Good Guy Thanos in Marvel’s What If episode 2 was inevitable, says producer
In sprawling franchises, and especially the Marvel Cinematic Universe, a fan-favorite villain can often be too perfectly cast to be wasted all at once. Tom Hiddleston’s Loki made his way into the Thor franchise and came out to the other side with his own heroic turn on a Disney Plus show. Bucky’s turn as the Winter Soldier only lasted a few movies before relaxing in Wakanda and Sebastian Stan became the material for the Avengers. In the hands of Elizabeth Olsen, Wanda Maximoff went from villain to hero to somewhere in between WandaVision. And Karen Gillan’s traumatic arc as Nebula hit so hard that Avengers: Endgame depended on his leap to the side of the heroes.

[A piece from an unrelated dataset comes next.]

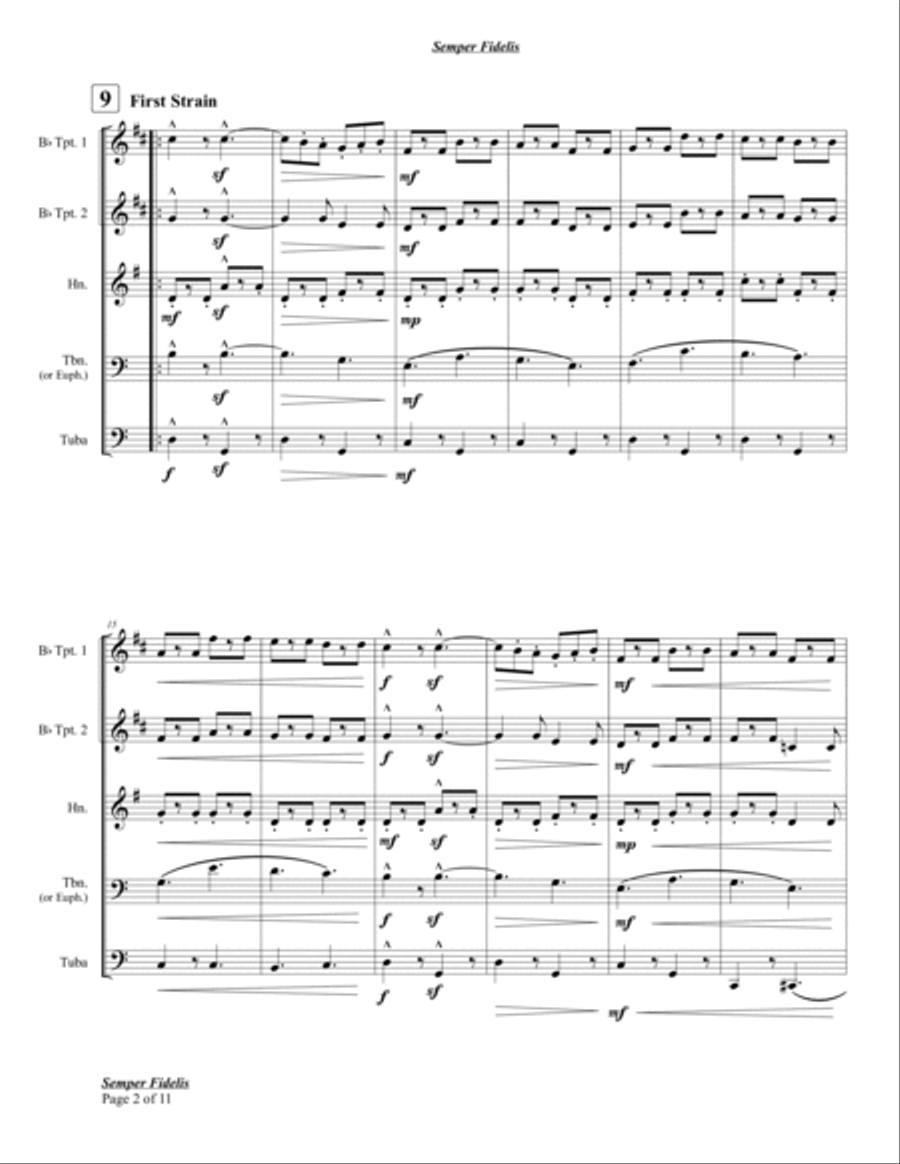 Semper Fidelis Brass Quintet scores gallery preview page 4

Marvel loves reforming the bad guys, and in What if…? Episode 2, they take on one of the mega-franchise’s biggest reform challenges yet: making Thanos a good guy. In “What if … T’Challa Becomes a Star-Lord,” Josh Brolin voices the Mad Titan, who has gone a little less mad under the influence of an idealistic Wakandan prince.

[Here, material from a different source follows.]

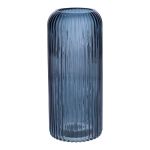 Vaso in vetro ALBURGIS con scanalature, blu trasparente, 20 cm, Ø 8,7 cm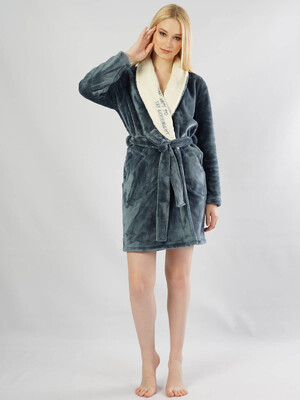 Теплый халат женский из велсофта VIENETTA 1030960000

” There are no rules, [to what we could and couldn’t do with the mythology]Says executive producer Brad Winderbaum. “The biggest ‘rule’ or the biggest benchmark we were looking for was less about the ‘What if? “And more on” And then what? Because that’s really where the story would come from. How can this new situation the character finds himself in really test his courage, and really challenge him as an individual and show us a new dimension for him? It was therefore in a way the most important factor in the choice of the concepts to be developed. There are obviously a lot of stories to tell. And that’s just one way to do it.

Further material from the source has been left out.